Nach England-Besuch von Prinz Harry: Palastmitarbeiter "immer genervter"
Prinz Harry (41) lebt mit seiner Familie schon seit einigen Jahren in Kalifornien. Von den früheren Beliebtheitswerten in seiner britischen Heimat kann der 41-Jährige heute nur noch träumen: Die Königsfamilie und das Volk betrachten ihn und seine Ehefrau Meghan (44) inzwischen mit Vorsicht. Trotzdem reist Prinz Harry gelegentlich zurück nach England – wie auch im Juli 2026. Und wie jetzt bekannt wird, greift man hinter Palastmauern wieder auf einen alten Spitznamen für ihn zurück.

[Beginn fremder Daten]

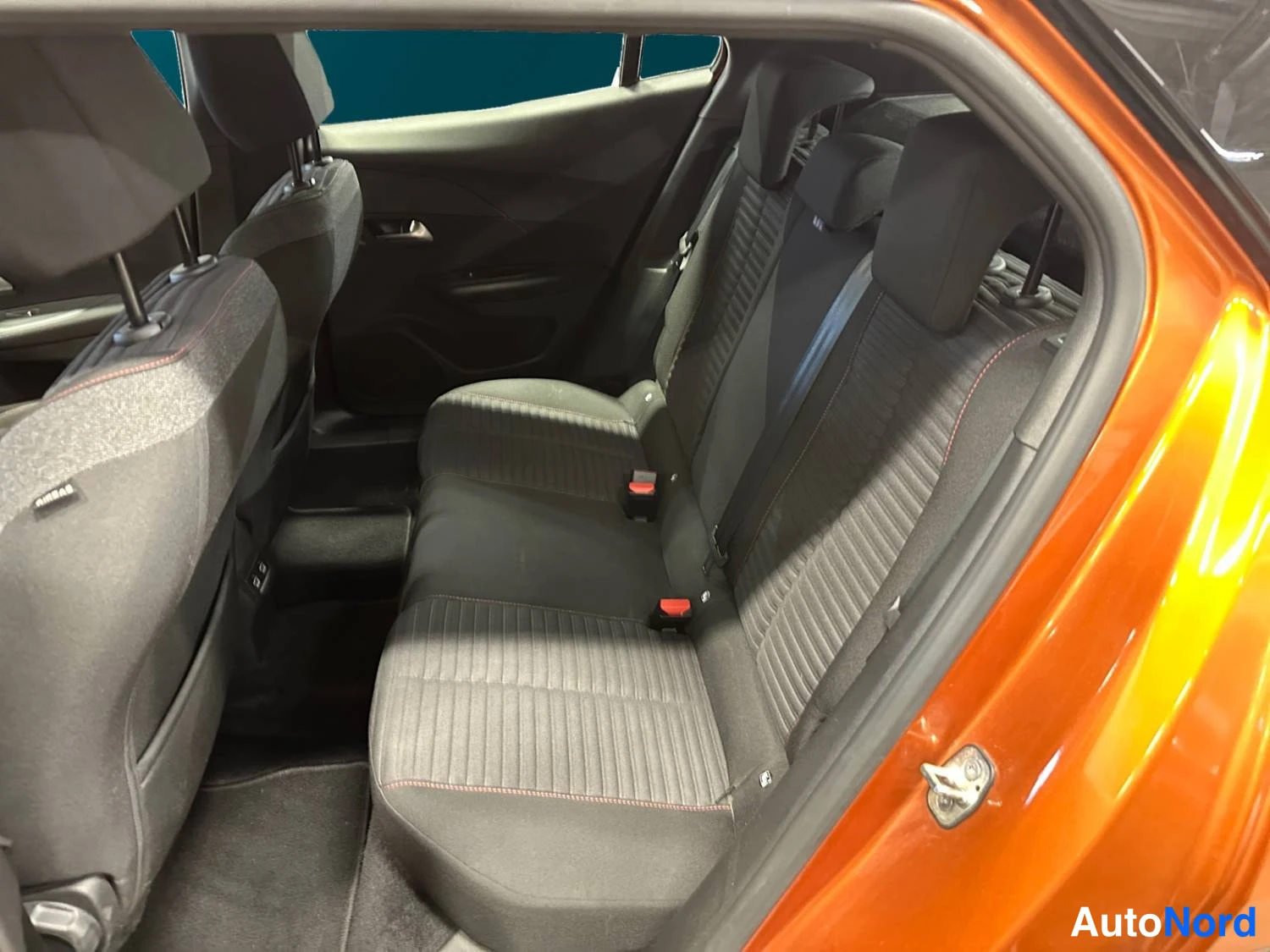 Oranssi Peugeot E-2008 2023, kuva 14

Prinz Harry und Andrew: Diesen Ruf haben sie im britischen Palast
Um Prinz Harrys England-Besuch war zuvor viel spekuliert worden: Wo würde er wohnen? Würden König Charles und Prinz William ihn treffen? Reisen Meghan und die Kinder auch mit? Und wie steht es um den bezahlten Polizeischutz? Wie unter anderem der britische "Mirror" berichtet, habe man dem 41-Jährigen ein Zimmer im Buckingham-Palast angeboten. Die Einladung sei jedoch verfallen, nachdem er die Deadline für seine Zusage nicht eingehalten hatte.
Unschöner Spitzname für Prinz Harry: So spottet man hinter den Palastmauern
Laut Royal-Autorin Kate Mansey habe das Hin und Her um Prinz Harry im Palast einen alten Spitznamen wieder aufgebracht.
Im "Sun's Royal Exclusive Podcast" erzählt sie, mit welchem Titel der 41-Jährige und sein Onkel Andrew (66) von Mitarbeitern schon vor vielen Jahren bedacht wurden: "Es war 'Duke of Hazard' – so lautete der Spitzname, den Andrew und Harry hatten, denn 'Hazard', also gefährliches Chaos, folgte den beiden auf Schritt und Tritt."

Laut Kate Mansey werden Harry und Andrew im Palast als "die beiden großen Probleme" betrachtet: "Große Hürden für den König während seiner Regierungszeit. Jedes Mal, wenn ihre Namen fallen, leuchten Alarmsignale auf." Inzwischen würden die Mitarbeiter Prinz Harry sogar schon fest mit "Gefahr" verbinden: "Ich glaube, nach dem, was wir gesehen haben – und nach dem, was mir die Leute im Palast erzählen –, handelt es sich um ein Verhaltensmuster."
Polizeischutz: Hofbeamte "immer genervter" von Prinz Harry
Vor allem die ständigen Diskussionen um Prinz Harrys Sicherheit sollen die Palastmitarbeiter in Lästerstimmung versetzen: "Und das, obwohl er seinen Rechtsstreit um das automatische Recht auf polizeilichen Schutz in Großbritannien verloren hat", erklärt Kate Mansey. "Es wird immer als dringendes und drängendes Problem dargestellt. Es scheint, als würden die Hofbeamten jedes Mal, wenn er kommt, immer genervter davon – und ehrlich gesagt glaube ich, dass es der Öffentlichkeit genauso geht", vermutet die Royal-Expertin.